WHAT IS BEING ASKED:
Only the lines in the entries below from the line with "Modelo Faro preto" to the line with "Vintage souvenir postcard, U.C.", both included, belong in the answer, transcribed exactly and without pictures.

*** Opening of DATASET RECORDS ***

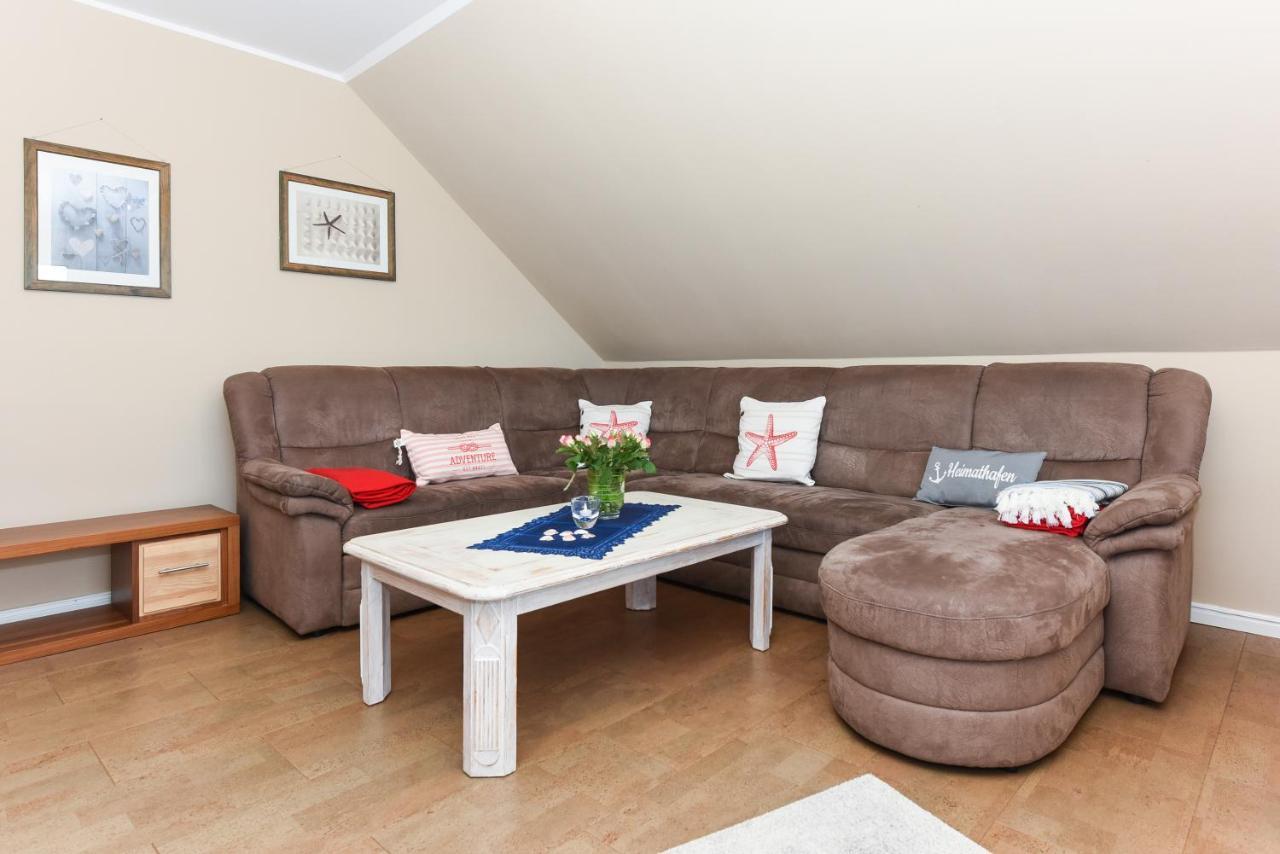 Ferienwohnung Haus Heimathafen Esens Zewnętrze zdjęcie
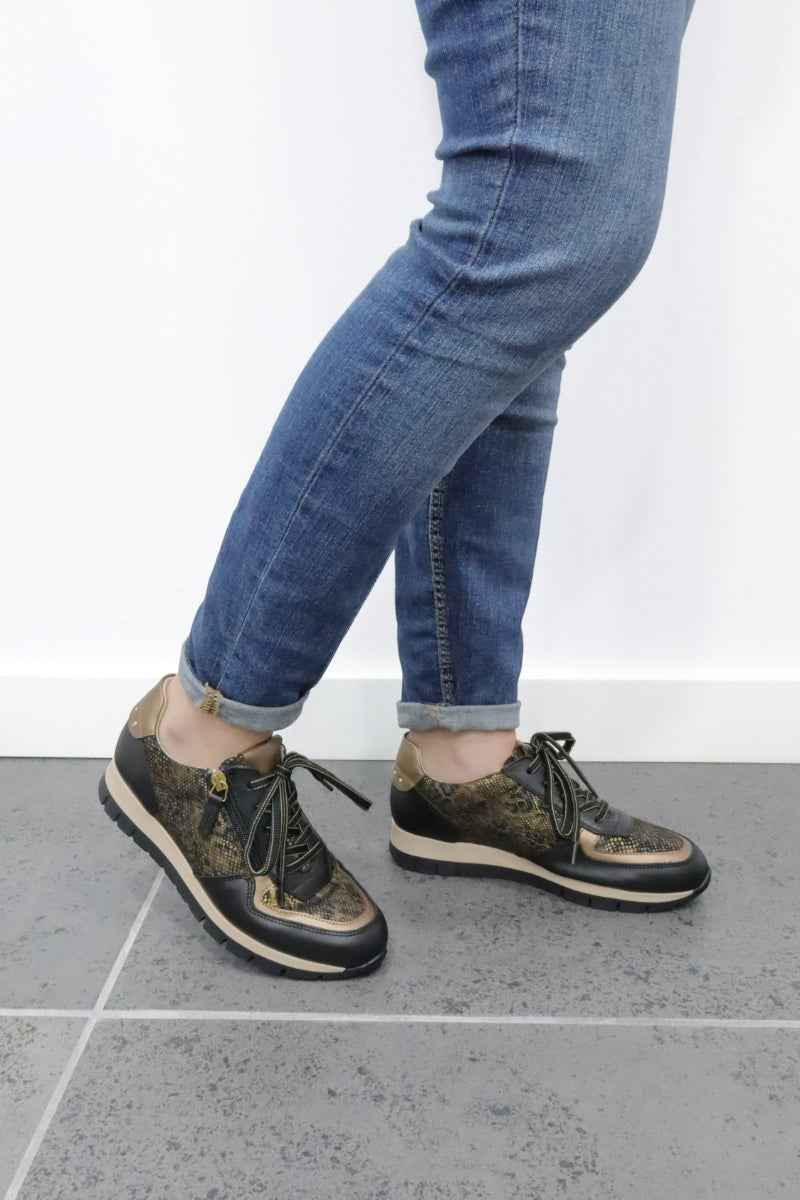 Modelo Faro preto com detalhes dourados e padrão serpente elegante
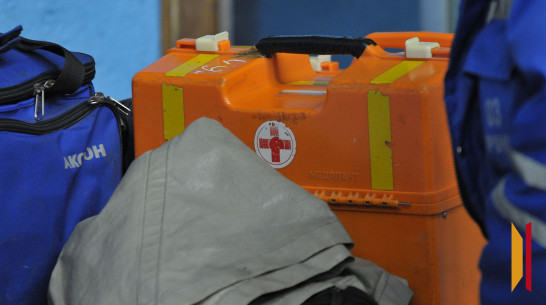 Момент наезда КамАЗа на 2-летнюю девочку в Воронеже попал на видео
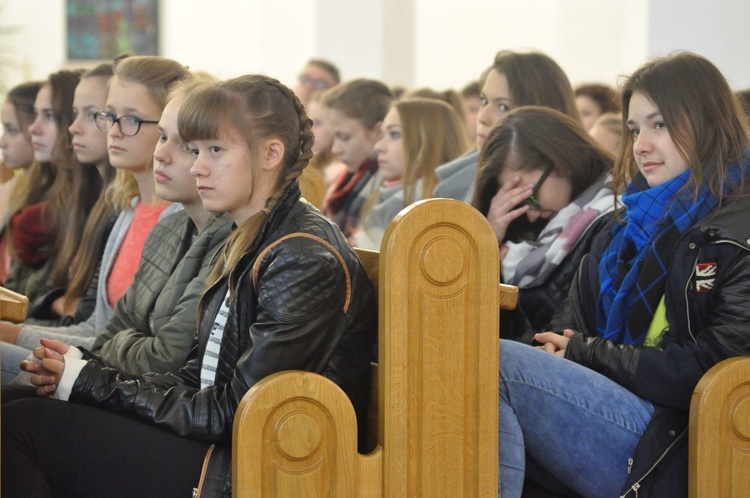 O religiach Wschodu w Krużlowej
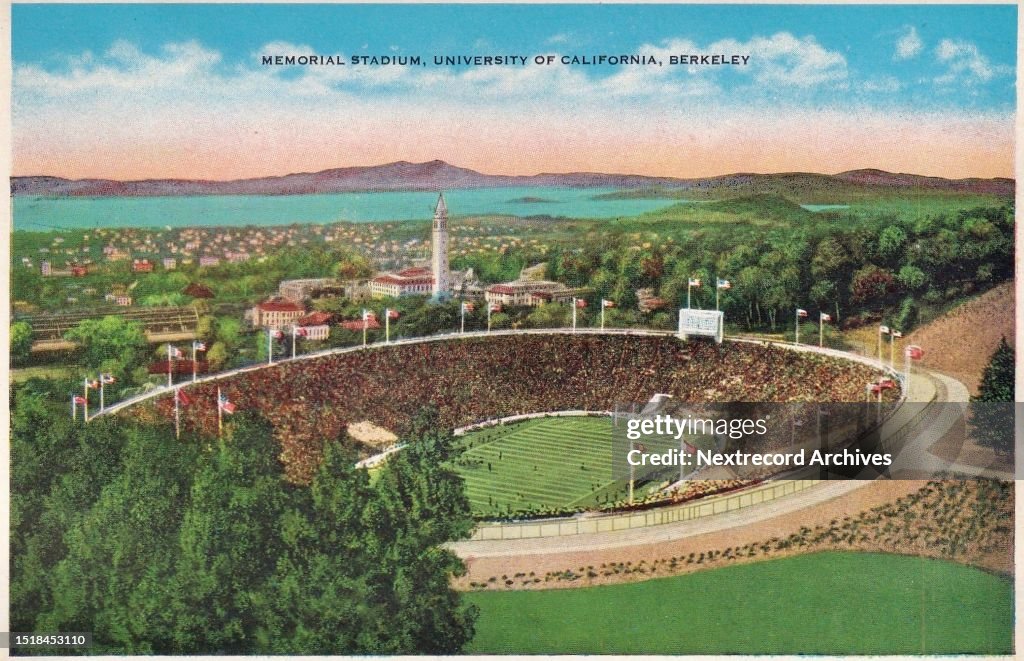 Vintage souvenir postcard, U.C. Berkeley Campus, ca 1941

*** Close of DATASET RECORDS ***
*** Opening of DATASET RECORDS ***

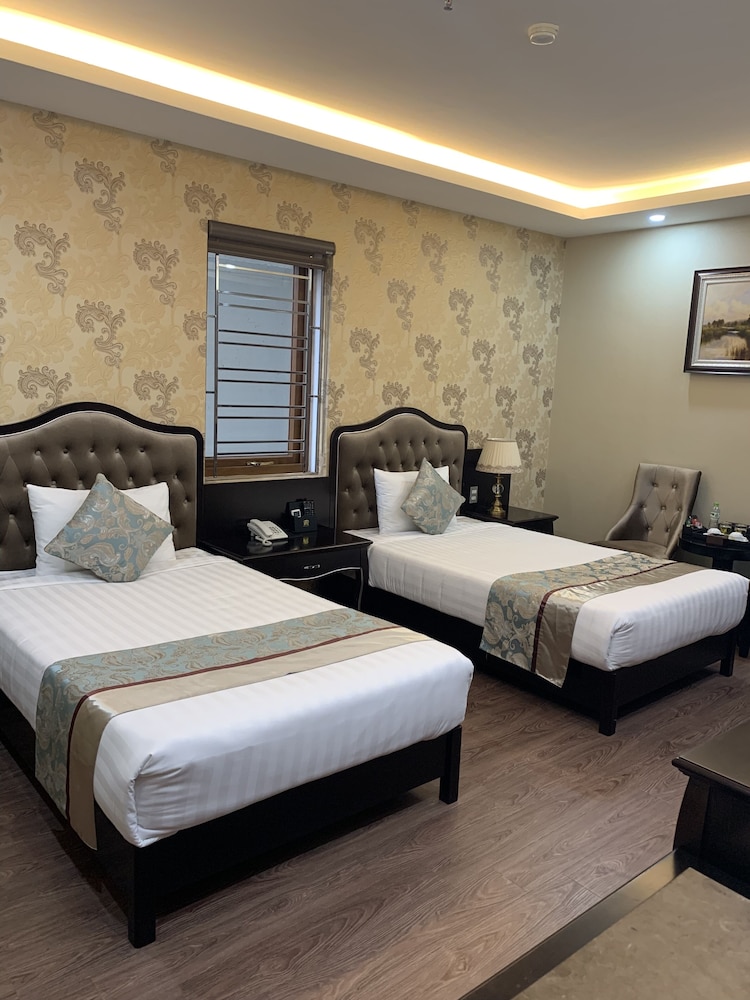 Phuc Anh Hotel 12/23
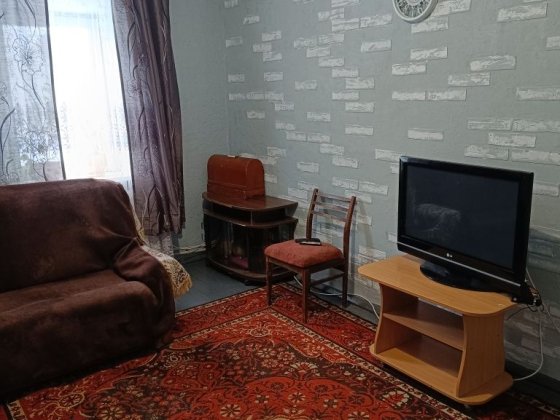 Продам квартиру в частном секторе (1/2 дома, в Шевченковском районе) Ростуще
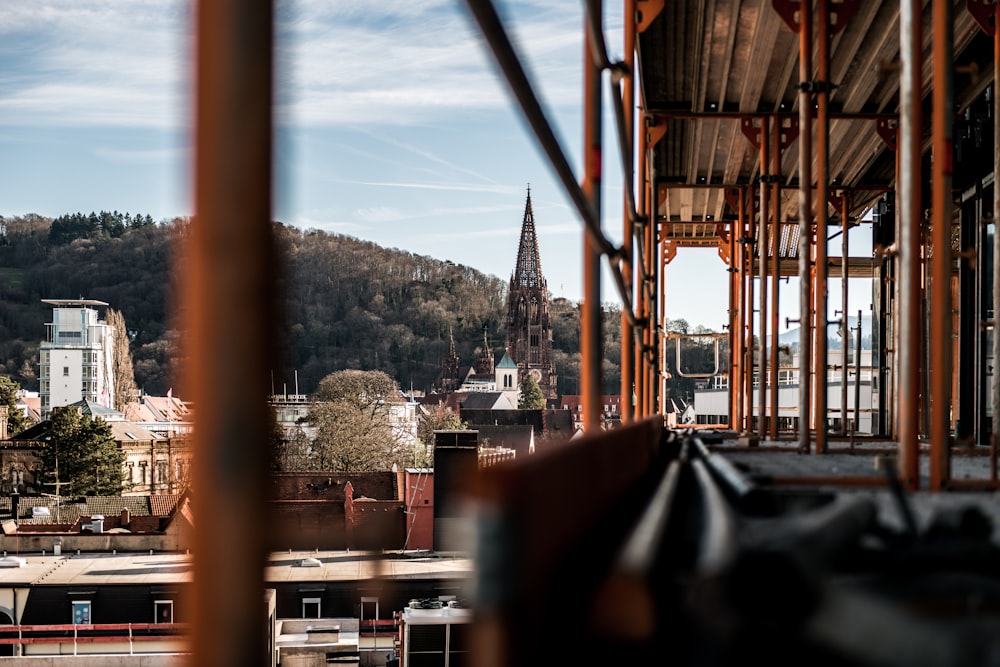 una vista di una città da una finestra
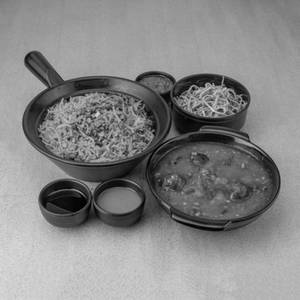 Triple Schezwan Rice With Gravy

*** Close of DATASET RECORDS ***
*** Opening of DATASET RECORDS ***

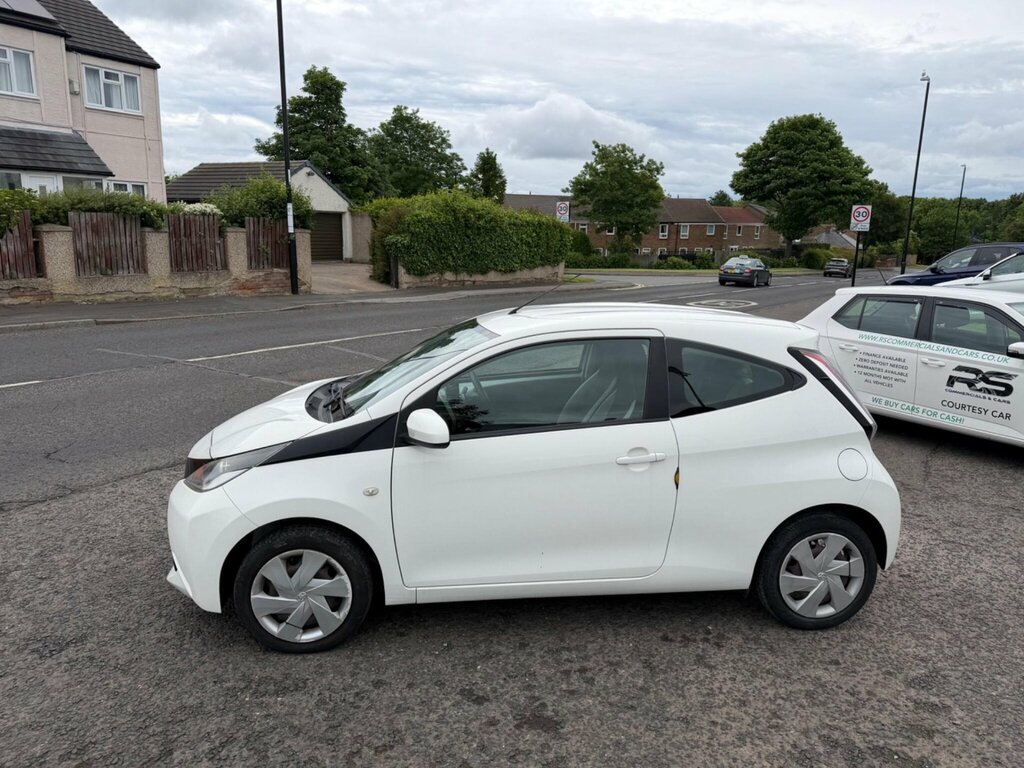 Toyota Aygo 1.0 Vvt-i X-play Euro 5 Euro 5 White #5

*** Close of DATASET RECORDS ***

WRITTEN REPLY:
 Modelo Faro preto com detalhes dourados e padrão serpente elegante
 Момент наезда КамАЗа на 2-летнюю девочку в Воронеже попал на видео
 O religiach Wschodu w Krużlowej
 Vintage souvenir postcard, U.C. Berkeley Campus, ca 1941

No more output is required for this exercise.